こどもの耳の向こうにある音楽
こども向け音楽番組で使うオーケストラ曲の作曲と編曲?という不思議な相談を受ける。しかも、クラシック音楽をある程度聴いたことがある少年少女ではなく、まだ「音」が「音楽」になる以前の…リズムやメロディになる境目を感じている…こども…向けなのだそうだ。
確かに、こども(特に幼児)のように耳がプレーンな状態の時、音楽をどういう風に感じるのだろう?というのは長年の疑問のひとつである。

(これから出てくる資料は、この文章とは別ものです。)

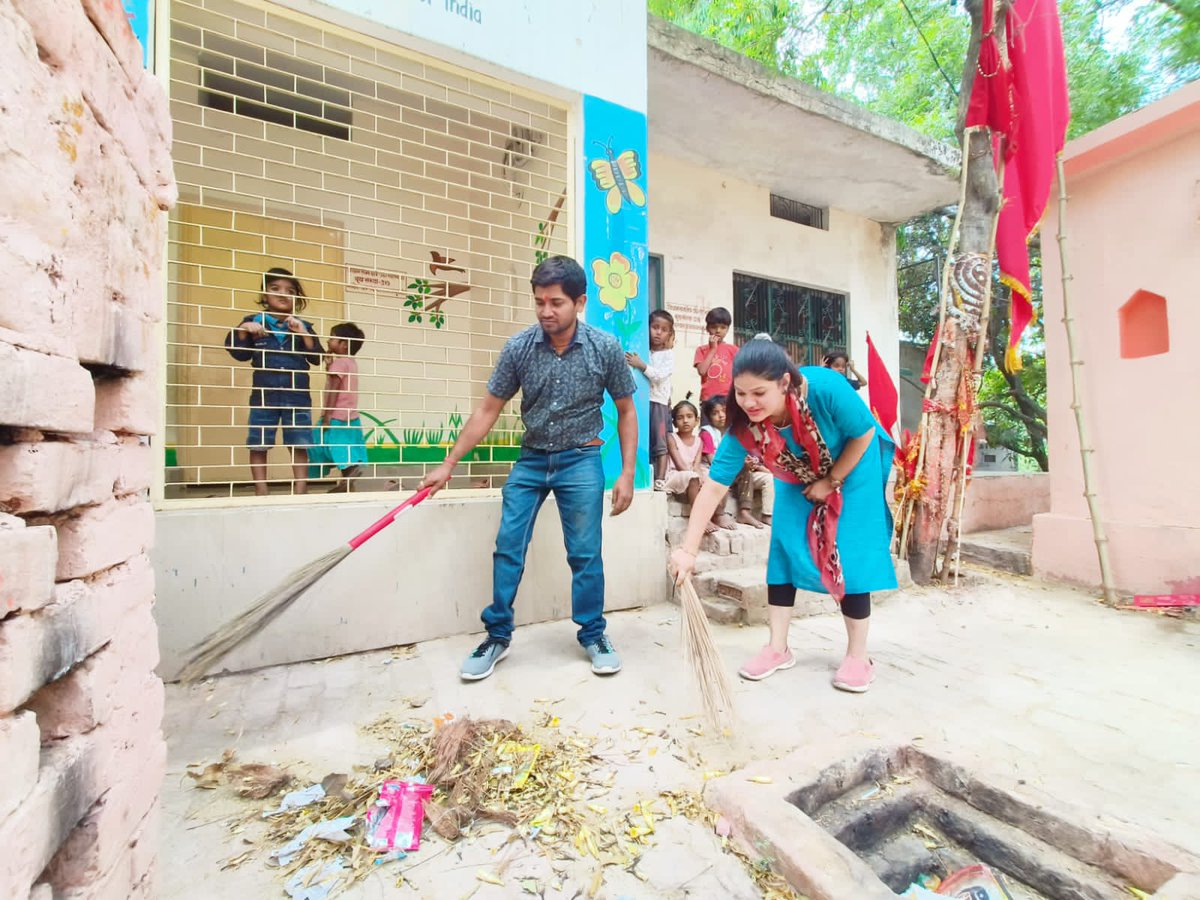 SaritaR30537229's tweet photo. @basicshiksha_up @R_ShivamP @shikshansamvad @VaranasiCdo @Varanasi_DM @ARVINDK08292737 @bsa_varanasi #VessIndia #EarthDay2023
विश्व पृथ्वी दिवस पर प्राइमरी स्कूल मण्डुवाडीह के बाल संसद के बच्चो, अध्यापकों, ,वेस इंडिया परिवार, SMC ने मंदिर प्रांगण की साफ सफाई की। https://t.co/7qVR0Z23XB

音楽教育を施されると「ドレミファ」とか「長調短調」あるいはどんな音でも楽音に聞こえてしまう「絶対音感」などを耳に仕込まれてしまうわけだが、そういう小賢しい?アプリをインストールされる以前、自然の音やノイズあるいはお父さんやお母さんの声といった「音声入力」だけで世界を感じていた頃、彼らはどんな音楽を夢見ていたのだろう?とよく思う。もちろん自分もそういう時代を経てきたはずなのだが、もはや昔過ぎて思い出すことも叶わないのだが。
そのせいか、最近は(FM番組でクラシック名曲の解説をしていながら)「ベートーヴェンもブラームスも聴いたことがないまっさらな耳に戻って、もう一度ベートヴェンやブラームスを聴いてみたい」ともよく思う。
ショスタコーヴィチが若い頃、確かブラームスの交響曲だかを「実はまだ聞いたことがありません」と先生に告白したところ、無知をなじられるどころか「いいなあ、キミたちは。これから沢山の素晴らしい音楽を知ることが出来るのだから」と羨ましがられたと言う。その先生の気持ち、今は良く分かる。
人間はパソコンのように、記憶や脳のOSを「リセット」したり「再インストール」したりは出来ない。年を取ると、モノを忘れるようになったりボケたりするのは、無知(無垢)の時代へ回帰したいという憧れの成せるわざなのかも知れない。